Jujur, saya tidak bisa tidur. Ada yang mengganjal di hati saya melihat bagaimana seorang kakek 84 tahun dari Morotai dijadikan bahan tontonan ribuan orang. Bayangkan, setiap hari Tete Ali ini jalan-jalan tanpa tujuan sambil bawa tas, bergumam sendiri. Warga Morotai sudah tahu dia punya masalah mental. Tapi bukannya dikasihani atau ditolong, malah sering dijahilin supaya marah. Nah, kebiasaan buruk ini yang kemudian “diangkat” jadi konten digital.

Saya sempat mikir, kenapa ya kita bisa sampai segini? Kok bisa-bisanya kita ketawa liat penderitaan orang lain? Setiap konten yang dibuat temanya sama saja: bikin Tete Ali marah terus Tete Ali maki-maki, terus kita pada ketawa. Itu hiburan macam apa ?

Kalau mau jujur, ini sebenarnya bukan hal baru. Dulu-dulu juga ada yang namanya “Nadjib Alkatiri”, di mana Nadjib  dengan talenta yang full humoris menampilkan tontonan yang menghibur masyarakat Ternate. Dengan kesadaran pengendalian emosi, Nadjib tampil dengan joke yang memang dari awal dia persiapkan untuk menghibur. Tanpa kursus stand up comedy, Nadjib membawa bakat alam sebagai pelawak lokal.

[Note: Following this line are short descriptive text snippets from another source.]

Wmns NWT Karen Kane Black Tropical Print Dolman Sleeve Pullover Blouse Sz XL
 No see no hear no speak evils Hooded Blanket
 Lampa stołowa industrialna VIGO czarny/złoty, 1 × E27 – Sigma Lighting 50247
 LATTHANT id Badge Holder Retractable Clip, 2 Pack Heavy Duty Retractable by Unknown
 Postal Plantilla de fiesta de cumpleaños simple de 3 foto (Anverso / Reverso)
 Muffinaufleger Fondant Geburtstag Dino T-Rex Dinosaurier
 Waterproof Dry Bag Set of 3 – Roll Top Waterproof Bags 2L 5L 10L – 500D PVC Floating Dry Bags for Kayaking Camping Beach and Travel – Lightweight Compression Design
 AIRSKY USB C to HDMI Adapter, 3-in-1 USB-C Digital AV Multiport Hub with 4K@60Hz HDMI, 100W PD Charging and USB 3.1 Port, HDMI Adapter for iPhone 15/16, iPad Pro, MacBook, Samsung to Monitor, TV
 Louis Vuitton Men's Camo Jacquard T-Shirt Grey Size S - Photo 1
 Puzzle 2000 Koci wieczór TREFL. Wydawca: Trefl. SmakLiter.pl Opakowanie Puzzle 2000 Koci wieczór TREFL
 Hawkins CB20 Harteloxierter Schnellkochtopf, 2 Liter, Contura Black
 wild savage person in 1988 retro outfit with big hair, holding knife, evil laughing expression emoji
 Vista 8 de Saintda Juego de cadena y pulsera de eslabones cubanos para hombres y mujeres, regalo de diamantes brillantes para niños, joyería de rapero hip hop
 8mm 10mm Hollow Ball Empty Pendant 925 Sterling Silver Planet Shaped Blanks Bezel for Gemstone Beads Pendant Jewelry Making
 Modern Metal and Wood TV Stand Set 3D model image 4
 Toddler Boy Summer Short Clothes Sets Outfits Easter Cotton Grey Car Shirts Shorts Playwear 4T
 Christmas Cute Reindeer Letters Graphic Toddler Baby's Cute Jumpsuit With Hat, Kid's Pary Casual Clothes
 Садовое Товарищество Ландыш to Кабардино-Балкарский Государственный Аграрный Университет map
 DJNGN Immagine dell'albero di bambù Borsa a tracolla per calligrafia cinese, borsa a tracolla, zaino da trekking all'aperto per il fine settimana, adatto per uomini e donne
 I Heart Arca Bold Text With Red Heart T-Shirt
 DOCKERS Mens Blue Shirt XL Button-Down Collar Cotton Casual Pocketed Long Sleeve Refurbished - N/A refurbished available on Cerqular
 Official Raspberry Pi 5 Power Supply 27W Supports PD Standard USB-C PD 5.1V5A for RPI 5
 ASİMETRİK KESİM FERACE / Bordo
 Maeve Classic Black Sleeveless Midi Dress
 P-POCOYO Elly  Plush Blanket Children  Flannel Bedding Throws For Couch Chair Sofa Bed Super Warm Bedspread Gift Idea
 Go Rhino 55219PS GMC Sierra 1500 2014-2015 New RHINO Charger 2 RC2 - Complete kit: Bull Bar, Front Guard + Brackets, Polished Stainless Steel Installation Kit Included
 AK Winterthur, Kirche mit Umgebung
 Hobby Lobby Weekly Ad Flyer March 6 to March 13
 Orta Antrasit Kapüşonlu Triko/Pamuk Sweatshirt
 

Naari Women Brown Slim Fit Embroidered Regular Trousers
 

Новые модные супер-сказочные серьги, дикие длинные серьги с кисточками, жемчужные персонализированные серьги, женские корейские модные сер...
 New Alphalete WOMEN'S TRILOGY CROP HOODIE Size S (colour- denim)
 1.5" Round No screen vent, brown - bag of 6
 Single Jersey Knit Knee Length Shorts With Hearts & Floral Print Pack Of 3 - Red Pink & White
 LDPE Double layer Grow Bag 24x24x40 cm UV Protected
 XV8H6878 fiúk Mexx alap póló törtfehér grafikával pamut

Bedanya sekarang cuma medianya aja – dari panggung komedi ke layar HP. Audiens-nya juga bukan cuma beberapa ratus orang, tapi ratusan ribu. Dan yang paling parah, kita merasa ini normal-normal aja. Waktu Tete Ali dibawa ke Ternate, saya shock lihat antusiasme masyarakatnya. Masyarakat berjubel hanya ingin melihat Tete Ali dari dekat. Semua berdesak–desakan ingin salaman dengan Tete Ali. Pokoknya rame sekali! Sampai bikin jadwal Temu Fans Tete Ali segala.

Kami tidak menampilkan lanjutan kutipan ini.